Optimization generally refers to a process whereby past (or synthesized) data related to a system or process are analyzed or used to select or determine optimal parameter sets for operation of the system or process. For example, the predictive models mentioned above may be used in an optimization process to test or characterize the behavior of the system or process under a wide variety of parameter values. The results of each test may be compared, and the parameter set or sets corresponding to the most beneficial outcomes or results may be selected for implementation in the actual system or process.
FIG. 1 illustrates a general optimization process as applied to an industrial system or process 104, such as a manufacturing plant, according to the prior art. It may be noted that the optimization techniques described with respect to the manufacturing plant are generally applicable to all manner of systems and processes. More specifically, FIG. 1 illustrates an optimization system where a computer based optimization system 102 operates in conjunction with a process (or system) 104 to optimize the process, according to the prior art.

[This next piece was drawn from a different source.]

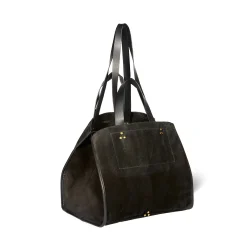 Jérôme Dreyfuss Léon M| Sacs Porté Main|Sacs Cabas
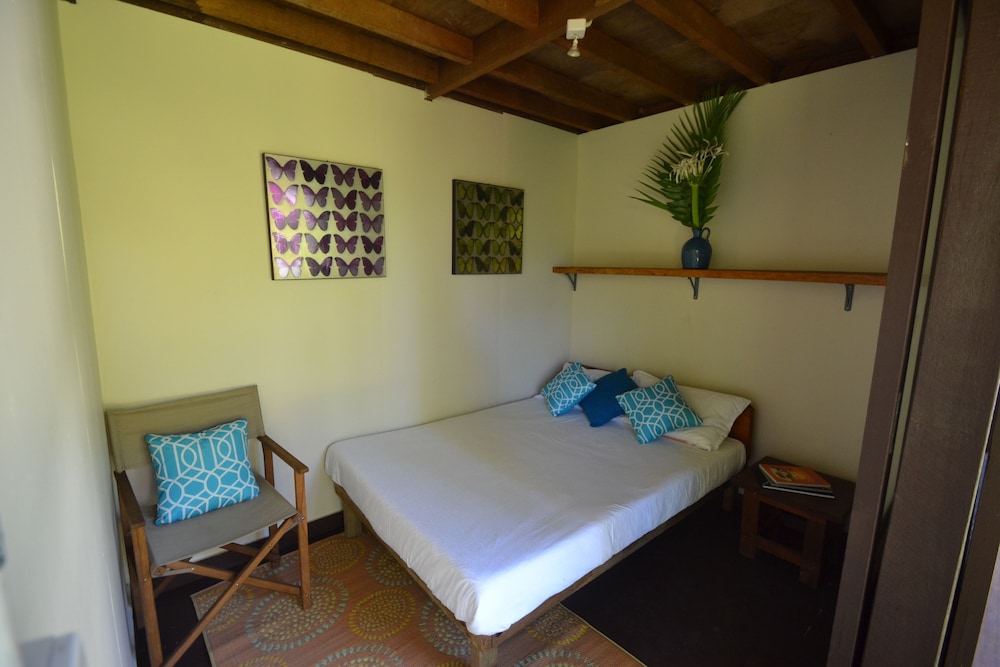 The Lodge House photo 3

In other words, the computer system 102 executes software programs (including computer based predictive models) that receive process data 106 from the process 104 and generate optimized decisions and/or actions 108, which may then be applied to the process 104 to improve operations based on specified goals and objectives.

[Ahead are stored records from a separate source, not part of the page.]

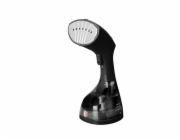 Napařovač oděvů s kartáčem Black Rose Collection BH-9550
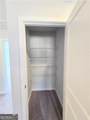 139 Wildflower Ridge Road - Photo 8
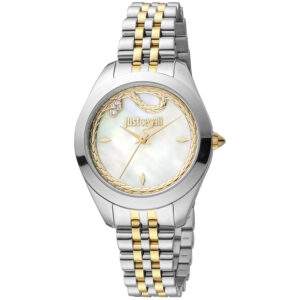 Оригинален Women часовник Just Cavalli JC1L210M0295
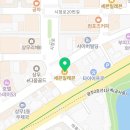 세븐일레븐(광주치평점)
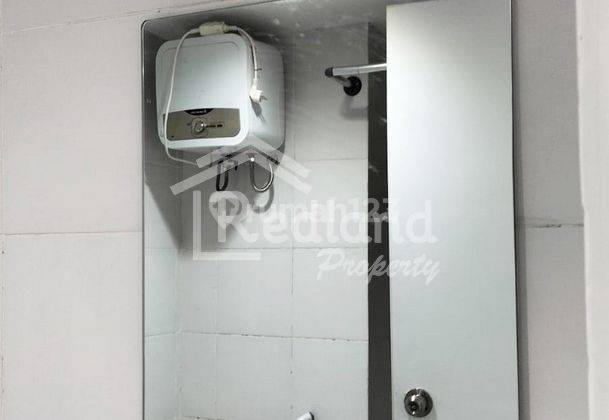 Apartemen Paltrow Banyumanik , Semarang Me 4516  2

Thus, many predictive systems may be characterized by the use of an internal model (e.g., a mathematical model) that represents a process or system 104 for which predictions are made. As mentioned above, predictive model types may be linear, non-linear, stochastic, or analytical, among others.
Generally, mathematical models are developed using one of two approaches (or a combination of both). One approach is to conceptually partition the system into subsystems whose properties are well understood, e.g., from previous experience or use. Each subsystem is then modeled using physical or natural laws and other well-established relationships that have their roots in earlier empirical work. These subsystems are then joined mathematically and a model of the whole system is obtained. The other approach to developing mathematical models is directly based on experimentation. For example, input and output signals from the system being modeled are recorded and subjected to data analysis in order to infer a model. Note that as used herein, static nonlinearity in the input/output mapping of a system is viewed as a special case of the general nonlinear dynamic input/output mapping, and hence the techniques described are also applicable when only a static input/output mapping is to be modeled.
The first approach is generally referred to as first-principles (FP) modeling, while the second approach is commonly referred to as empirical modeling (although it should be noted that empirical data are often used in building FP models). Each of these two approaches has substantial strengths and weaknesses when applied to real-world complex systems.
For Example, Regarding First-principles Models:
1. FP models are built based on the science underlying the process being modeled, and hence are better suited for representing the general process behavior over the entire operational regime of the process.
However:
2. First-principles information is often incomplete and/or inaccurate, and so the model and thus its outputs may lack the accuracy required.
3. Tuning of the parameters in the model is needed before the model could be used for optimization and control.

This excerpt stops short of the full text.